Records from a data collection
⟨

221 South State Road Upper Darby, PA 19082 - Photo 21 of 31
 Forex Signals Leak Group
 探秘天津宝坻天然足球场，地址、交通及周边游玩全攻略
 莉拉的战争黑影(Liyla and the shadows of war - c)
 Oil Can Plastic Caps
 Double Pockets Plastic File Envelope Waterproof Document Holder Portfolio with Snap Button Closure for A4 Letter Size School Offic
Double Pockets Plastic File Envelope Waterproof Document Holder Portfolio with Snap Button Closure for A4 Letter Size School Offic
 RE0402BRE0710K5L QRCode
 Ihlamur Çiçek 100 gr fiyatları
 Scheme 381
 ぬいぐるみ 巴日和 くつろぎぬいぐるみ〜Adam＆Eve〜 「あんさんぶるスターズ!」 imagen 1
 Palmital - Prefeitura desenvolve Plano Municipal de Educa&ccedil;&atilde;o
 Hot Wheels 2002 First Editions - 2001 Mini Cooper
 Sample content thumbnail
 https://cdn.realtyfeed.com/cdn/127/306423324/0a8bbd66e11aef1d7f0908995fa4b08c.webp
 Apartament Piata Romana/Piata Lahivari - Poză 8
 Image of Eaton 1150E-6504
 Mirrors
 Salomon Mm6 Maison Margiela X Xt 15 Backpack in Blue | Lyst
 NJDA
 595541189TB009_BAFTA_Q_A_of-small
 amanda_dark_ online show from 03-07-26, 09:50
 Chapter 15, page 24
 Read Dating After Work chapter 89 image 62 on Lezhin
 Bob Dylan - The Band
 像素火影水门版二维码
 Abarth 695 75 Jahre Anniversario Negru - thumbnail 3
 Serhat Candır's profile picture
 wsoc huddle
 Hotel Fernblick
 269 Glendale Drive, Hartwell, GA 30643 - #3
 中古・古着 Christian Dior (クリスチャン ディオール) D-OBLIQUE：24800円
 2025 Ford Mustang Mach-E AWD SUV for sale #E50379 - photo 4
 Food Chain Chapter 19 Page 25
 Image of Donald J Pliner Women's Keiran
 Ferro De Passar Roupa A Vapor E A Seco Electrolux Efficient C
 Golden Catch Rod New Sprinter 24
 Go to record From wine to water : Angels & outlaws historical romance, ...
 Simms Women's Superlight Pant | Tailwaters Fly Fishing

⟩

The task: The answer consists of every entry, returned exactly.

Response box:
221 South State Road Upper Darby, PA 19082 - Photo 21 of 31
 Forex Signals Leak Group
 探秘天津宝坻天然足球场，地址、交通及周边游玩全攻略
 莉拉的战争黑影(Liyla and the shadows of war - c)
 Oil Can Plastic Caps
 Double Pockets Plastic File Envelope Waterproof Document Holder Portfolio with Snap Button Closure for A4 Letter Size School Offic
Double Pockets Plastic File Envelope Waterproof Document Holder Portfolio with Snap Button Closure for A4 Letter Size School Offic
 RE0402BRE0710K5L QRCode
 Ihlamur Çiçek 100 gr fiyatları
 Scheme 381
 ぬいぐるみ 巴日和 くつろぎぬいぐるみ〜Adam＆Eve〜 「あんさんぶるスターズ!」 imagen 1
 Palmital - Prefeitura desenvolve Plano Municipal de Educa&ccedil;&atilde;o
 Hot Wheels 2002 First Editions - 2001 Mini Cooper
 Sample content thumbnail
 https://cdn.realtyfeed.com/cdn/127/306423324/0a8bbd66e11aef1d7f0908995fa4b08c.webp
 Apartament Piata Romana/Piata Lahivari - Poză 8
 Image of Eaton 1150E-6504
 Mirrors
 Salomon Mm6 Maison Margiela X Xt 15 Backpack in Blue | Lyst
 NJDA
 595541189TB009_BAFTA_Q_A_of-small
 amanda_dark_ online show from 03-07-26, 09:50
 Chapter 15, page 24
 Read Dating After Work chapter 89 image 62 on Lezhin
 Bob Dylan - The Band
 像素火影水门版二维码
 Abarth 695 75 Jahre Anniversario Negru - thumbnail 3
 Serhat Candır's profile picture
 wsoc huddle
 Hotel Fernblick
 269 Glendale Drive, Hartwell, GA 30643 - #3
 中古・古着 Christian Dior (クリスチャン ディオール) D-OBLIQUE：24800円
 2025 Ford Mustang Mach-E AWD SUV for sale #E50379 - photo 4
 Food Chain Chapter 19 Page 25
 Image of Donald J Pliner Women's Keiran
 Ferro De Passar Roupa A Vapor E A Seco Electrolux Efficient C
 Golden Catch Rod New Sprinter 24
 Go to record From wine to water : Angels & outlaws historical romance, ...
 Simms Women's Superlight Pant | Tailwaters Fly Fishing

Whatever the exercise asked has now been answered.